Issue 44375: urllib.parse.urlparse is not parsing the url properly

➜

This issue tracker has been migrated to GitHub, and is currently read-only.
For more information, see the GitHub FAQs in the Python's Developer Guide.

This issue has been migrated to GitHub: https://github.com/python/cpython/issues/88541

classification

Title:	urllib.parse.urlparse is not parsing the url properly
Type:		Stage:
Components:		Versions:	Python 3.9

process

Created on 2021-06-10 11:29 by neethun, last changed 2022-04-11 14:59 by admin.

Messages (2)
msg395518 - (view)	Author: Neethu (neethun)	Date: 2021-06-10 11:29
urllib.parse.urlparse is not parsing urls without scheme and with port number properly. from urllib.parse import urlparse print(urlparse("www.cwi.nl:80")) ParseResult(scheme='www.cwi.nl', netloc='', path='80', params='', query='', fragment='') Python version : 3.9.5
msg395522 - (view)	Author: Gnanesh (Gnanesh)	Date: 2021-06-10 11:52
Hey neethu, For empty schemes, it should have a prefix of "//" in the URL to parse it correctly.
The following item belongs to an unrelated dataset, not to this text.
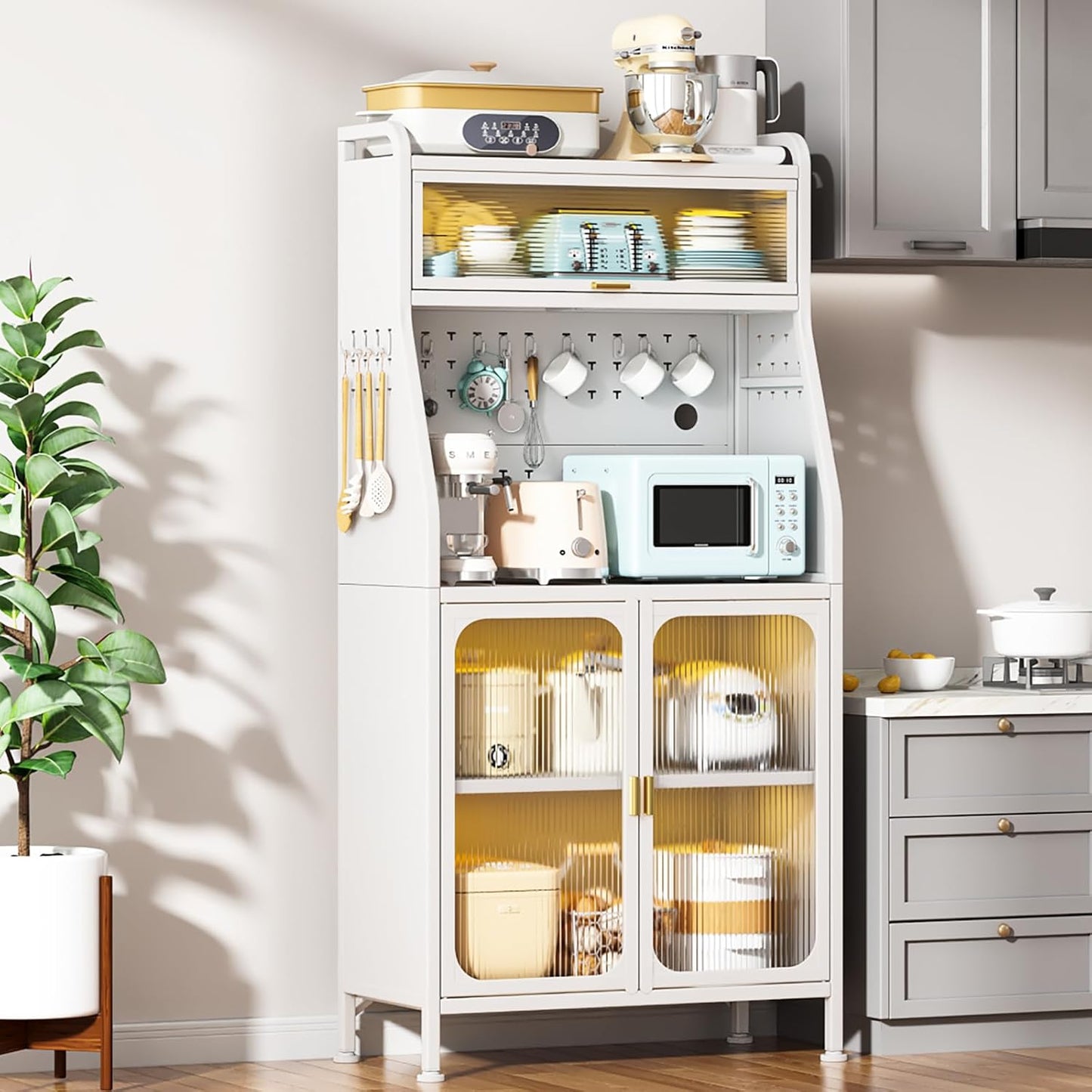 66 Tall Kitchen Cabinet with Wine Rack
Try: > urlparse('//www.cwi.nl:80') ParseResult(scheme='', netloc='www.cwi.nl:80', path='', params='', query='', fragment='') Here's a comment from the docs (https://docs.python.org/3/library/urllib.parse.html#urllib.parse.urlparse): > Following the syntax specifications in RFC 1808, urlparse recognizes a netloc only if it is properly introduced by ‘//’. Otherwise the input is presumed to be a relative URL and thus to start with a path component.